Case ID: f-appx_479/html/0071-02.html
Source: Caselaw Access Project
Author: {"author": "", "license": "Public Domain", "url": "https://static.case.law/"}
Date Created: 2024-08-24T03:29:51.129683

UNITED STATES of America, Plaintiff-Appellee, v. Esteban QUEZADA-CRUZ, a.k.a. Esteban Quezada-Lopez, Defendant-Appellant.
    No. 11-10588.
    United States Court of Appeals, Ninth Circuit.
    Submitted June 26, 2012.
    
    Filed June 29, 2012.
    An Mai Nguyen, Special Assistant U.S., Robert A. Bork, Assistant U.S., Adam McMeen Flake, Assistant U.S., Phillip Nelson Smith, Jr., Assistant U.S., USLVO-Offiee of the U.S. Attorney, Robert Lawrence Ellman, Esquire, Assistant U.S., Office of the U.S. Attorney, Las Vegas, NV, for Plaintiff-Appellee.
    Brenda Weksler, Esquire, Assistant Federal Public Defender, Federal Public Defender’s Office, Las Vegas, NV, for Defendant-Appellant.
    Before: SCHROEDER, HAWKINS, and GOULD, Circuit Judges.
    
      
       The panel unanimously concludes this case is suitable for decision without oral argument. 
        See Fed. R.App. P. 34(a)(2).
    
   MEMORANDUM

Esteban Quezada-Cruz appeals from the 56-month sentence imposed following his guilty-plea conviction for being a deported alien found unlawfully in the United States, in violation of 8 U.S.C. § 1326. We have jurisdiction under 28 U.S.C. § 1291, and we affirm.

Quezada-Cruz contends that the district court erred procedurally by failing to consider a shorter sentence based on the staleness of his 1999 drug trafficking conviction.
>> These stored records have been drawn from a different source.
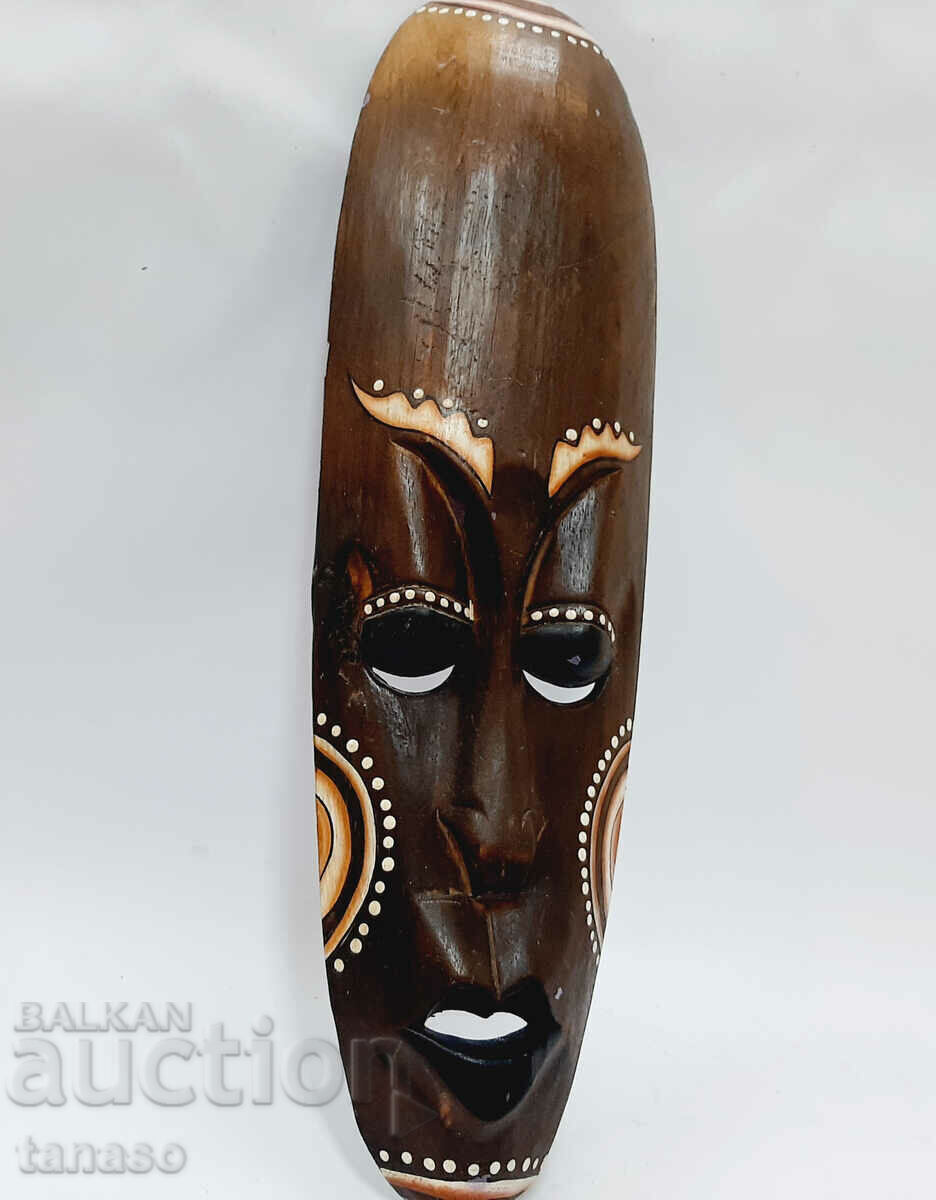 Auction Wooden African Tribal Mask(14.2) Auction Wooden African Tribal Mask(14.2)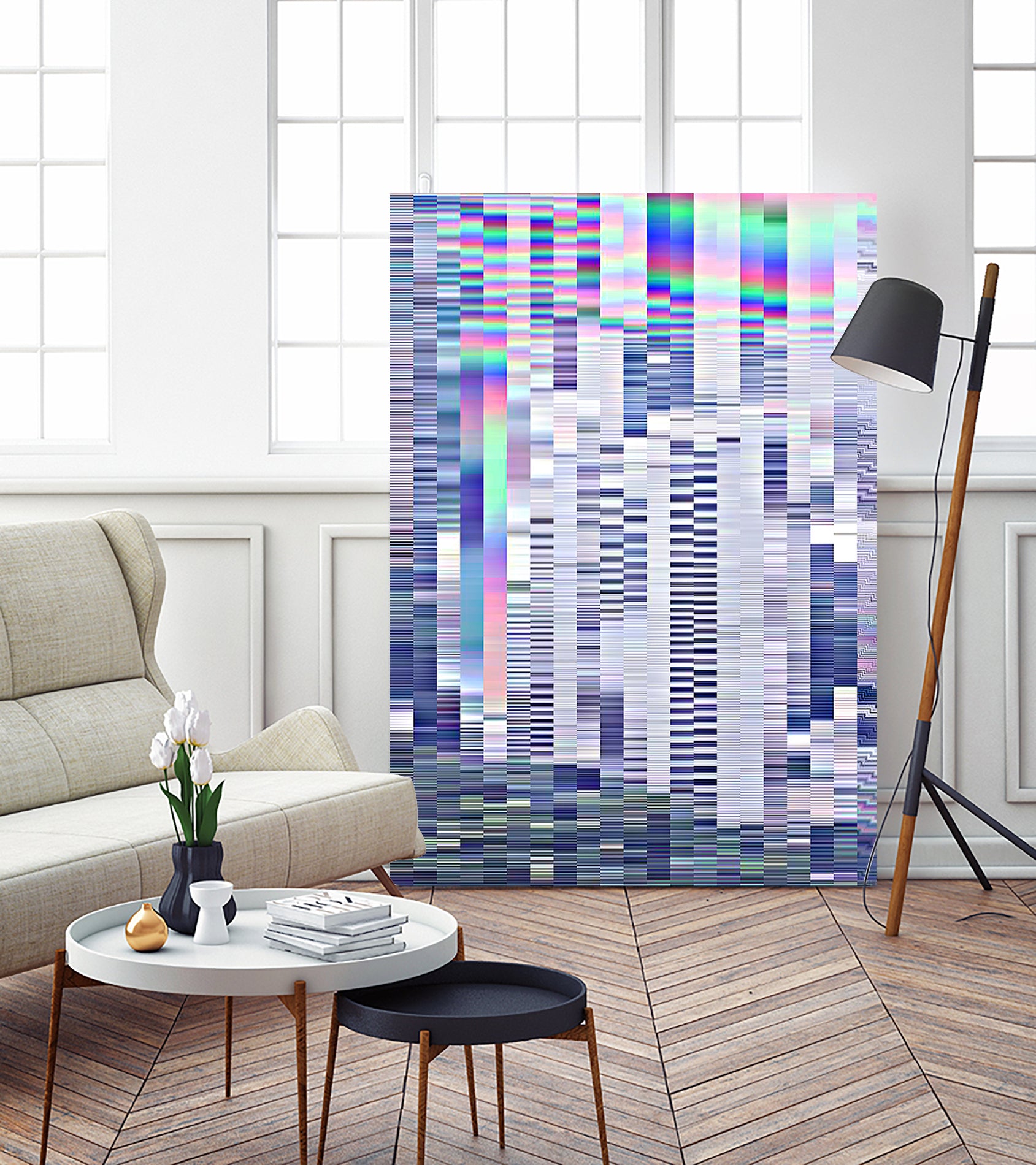 urbanpixels by vivi melignon on GIANT ART - blue processing/programming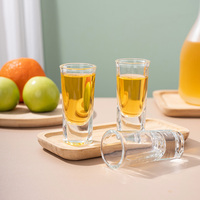 Verres à dégustation de whisky miniatures personnalisés de 2 oz, à base épaisse, transparents, pour la vodka, la tequila et les brandies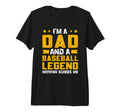 Mens Dad Baseball Legend Fathers Day Tri T-Shirt - Graphic Print Men Women - T-Shirt, Sweatshirt, Hoodie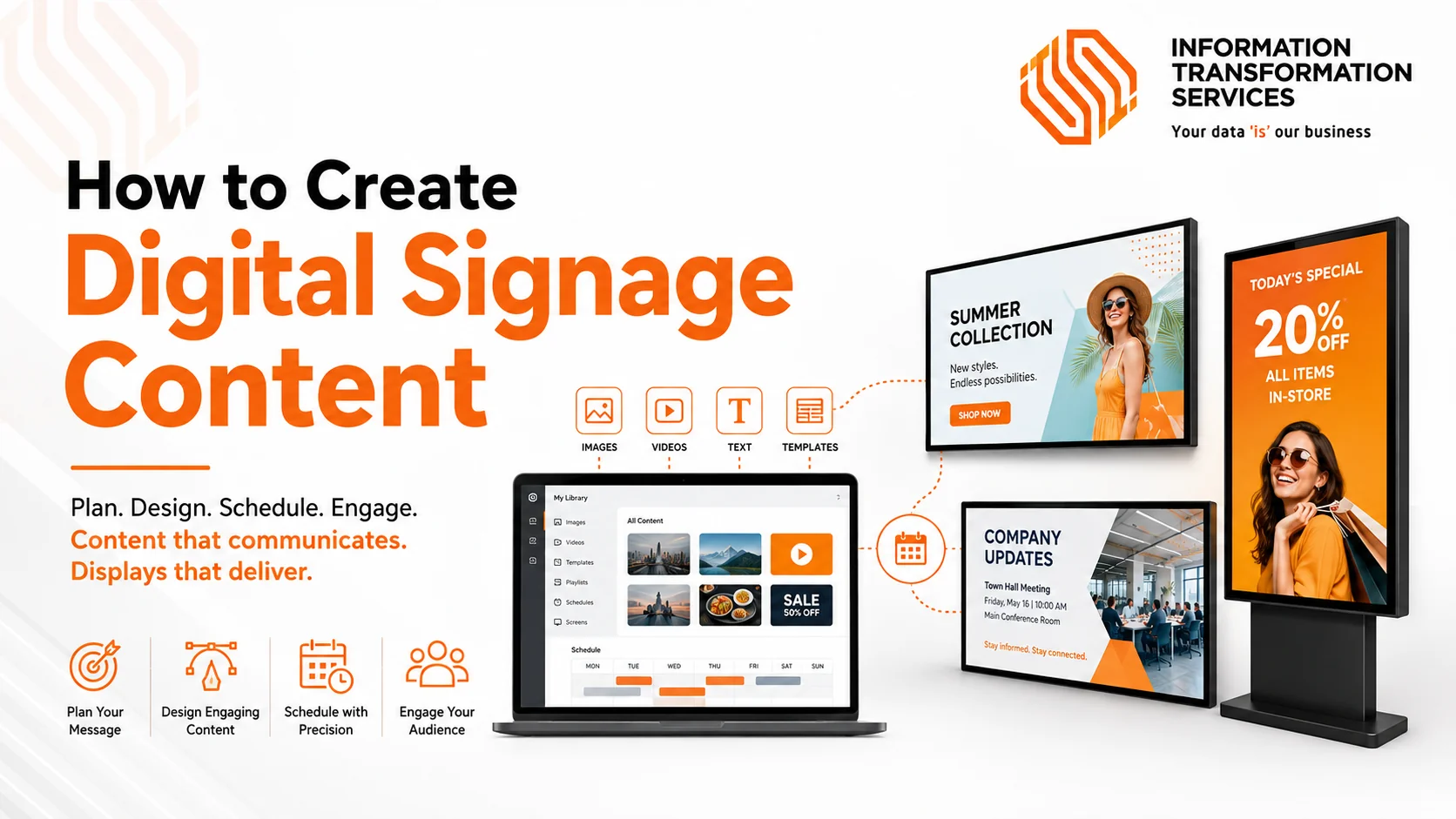 How to Create Digital Signage Content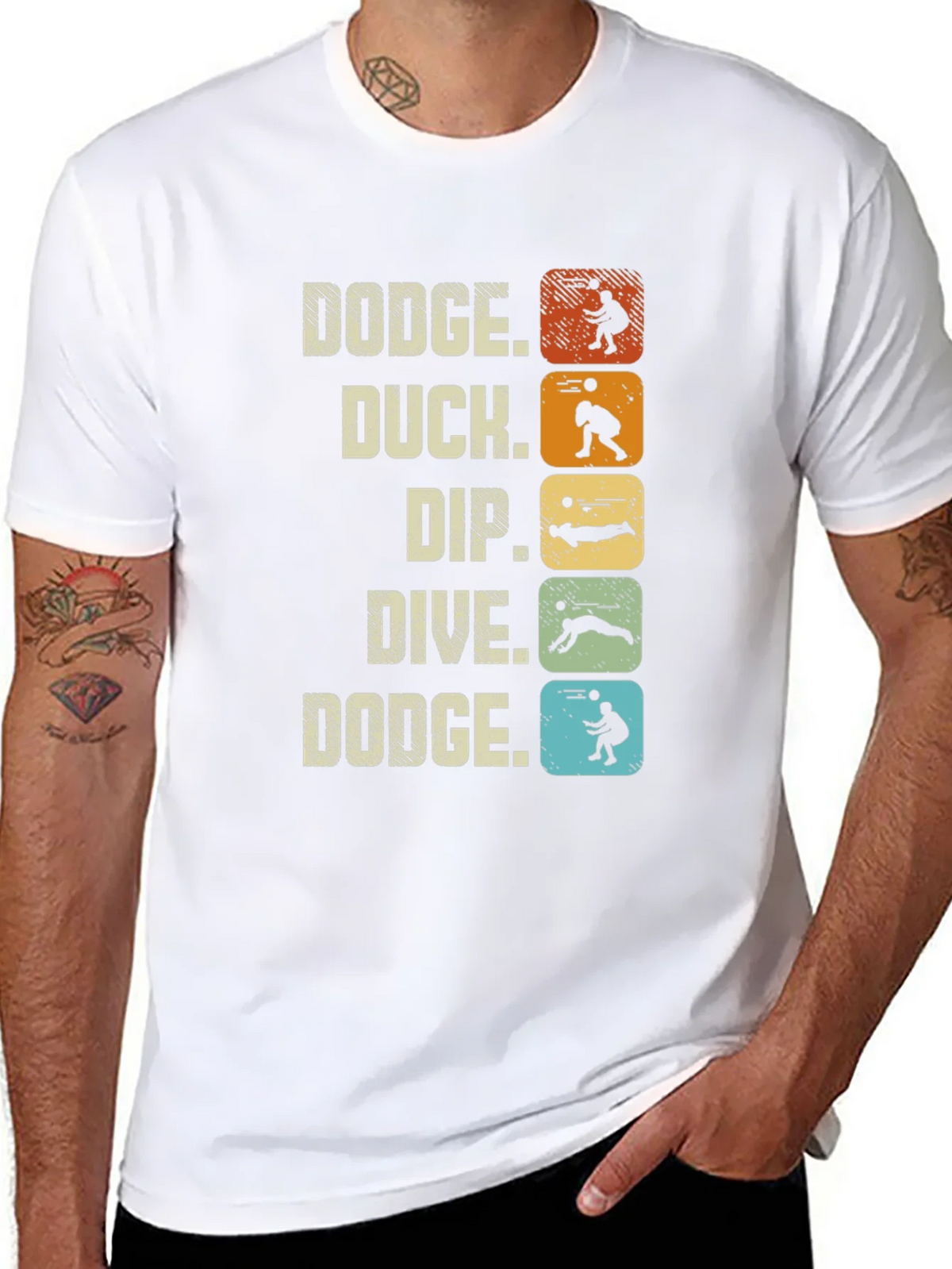 Dodgeball T-Shirt - 5 Ds of product image 7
The record belies this contention.

Quezada-Cruz also contends that his sentence is substantively unreasonable because the prior conviction that increased his offense level was stale. The sentence within the advisory Sentencing Guidelines range is substantively reasonable in light of the totality of the circumstances and the 18 U.S.C. § 3553(a) sentencing factors. See Gall v. United States, 552 U.S. 38, 51, 128 S.Ct. 586, 169 L.Ed.2d 445 (2007).

AFFIRMED. 
      
       This disposition is not appropriate for publication and is not precedent except as provided by 9th Cir. R. 36-3.